O “discurso do medo”, no entanto, não se faz presente apenas nos debates sobre política econômica, recursos hídricos e empregabilidade, estendendo-se, no varejo, de acordo com os interesses provincianos dos candidatos.
Recebi, há alguns dias, propaganda eletrônica do candidato a deputado estadual (Rio de Janeiro) pelo PSDB, Gerson Bergher. Em letras azuis destacadas lê-se “É hora de muita reflexão e responsabilidade”. Em seguida, em letras menores, o que realmente interessa: “O governo do PT é contra Israel, logo não é a favor dos judeus. Votar em candidatos do PT é votar contra nós. Na luta contra o antissemitismo e na defesa da Comunidade, uma voz jamais se calou, GERSON BERGHER”. A propaganda do candidato merece alguns comentários.
Observa-se o apelo a um suposto “voto étnico”, em que o candidato se apresenta como legítimo representante do grupo ou “comunidade”, conforme termo nativo utilizado para caracterizar aqueles que pertencem à etnia. Ele funciona como o “judeu de corte”, figura comum na Idade Média, que intermediava a relação entre os monarcas e a população judaica miserável, que dele ficava a depender, versão do clientelismo político contemporâneo. 
A defesa dos interesses comunitários diz respeito, sobretudo, à luta contra antissemitismo, sempre à espreita.
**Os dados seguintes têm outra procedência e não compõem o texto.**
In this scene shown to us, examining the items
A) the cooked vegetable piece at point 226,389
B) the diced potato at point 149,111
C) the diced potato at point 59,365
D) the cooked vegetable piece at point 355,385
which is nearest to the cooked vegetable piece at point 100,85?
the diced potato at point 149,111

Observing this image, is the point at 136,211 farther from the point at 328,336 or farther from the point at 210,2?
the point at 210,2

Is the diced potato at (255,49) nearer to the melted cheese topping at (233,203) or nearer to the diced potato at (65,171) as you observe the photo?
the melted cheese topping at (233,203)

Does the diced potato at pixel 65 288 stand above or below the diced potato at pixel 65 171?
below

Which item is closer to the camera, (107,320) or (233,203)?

A cidadania, no discurso provinciano, é restrita à identidade étnica, ignorando questões que influenciam de modo direto o cotidiano dos potenciais eleitores, como investimentos em saúde, educação, cultura, segurança pública, corrupção. A universalidade da cidadania é trocada pelos interesses particulares. Neste sentido, não difere muito dos candidatos que baseiam sua plataforma na defesa de grupos específicos (negros, homossexuais, animais, evangélicos). Por que não propor a luta contra todo e qualquer tipo de preconceito? Será que apenas judeus podem proteger judeus? Será que não judeus não podem estar imbuídos de valores, como o respeito à diferença, que funcionem como um guarda-chuva das proteções constitucionais do cidadão brasileiro? Não judeus são potenciais antissemitas tanto quanto os judeus são potenciais anti qualquer coisa.
O candidato estabelece uma relação inevitável entre Israel e os judeus. É um equívoco. Nem todo israelense é judeu, e nem todo judeu é israelense. Para muitos judeus, como eu, a identidade judaica não passa por Israel como referência simbólica. Nem por isso sou antissemita, ainda que seja acusado de “self-hating jew”, judeu que se odeia, doença que apenas um bom psicanalista resolveria.
O candidato utiliza um discurso do medo que é senso comum no establishment judaico brasileiro, de que qualquer posicionamento contrário à política israelense é considerado “antissemitismo”. Aliás, o candidato confunde “Israel” com “política israelense”, quando acusa o PT de ser contra “Israel”. Até onde se sabe, as críticas feitas pelo partido dizem respeito às ações do governo israelense frente à questão palestina. Ainda que o discurso fosse antissionista, a acusação de “antissemitismo” seria despropositada, na medida em que o judaísmo (ou a identidade judaica) não está atrelado, inexoravelmente, à existência de um Estado judeu. Há judeus antissionistas, caso o candidato não saiba.
Atribuo a propaganda alarmista ao desespero de final de campanha eleitoral, ao perceber que suas chances eram remotas. O apelo à solidariedade étnica, ao gueto voluntário, não foi suficiente. O candidato não foi eleito.

Antissemitismo é crime. O PT foi acusado deste crime. Há, apenas, duas alternativas: condenação ou retratação do acusador.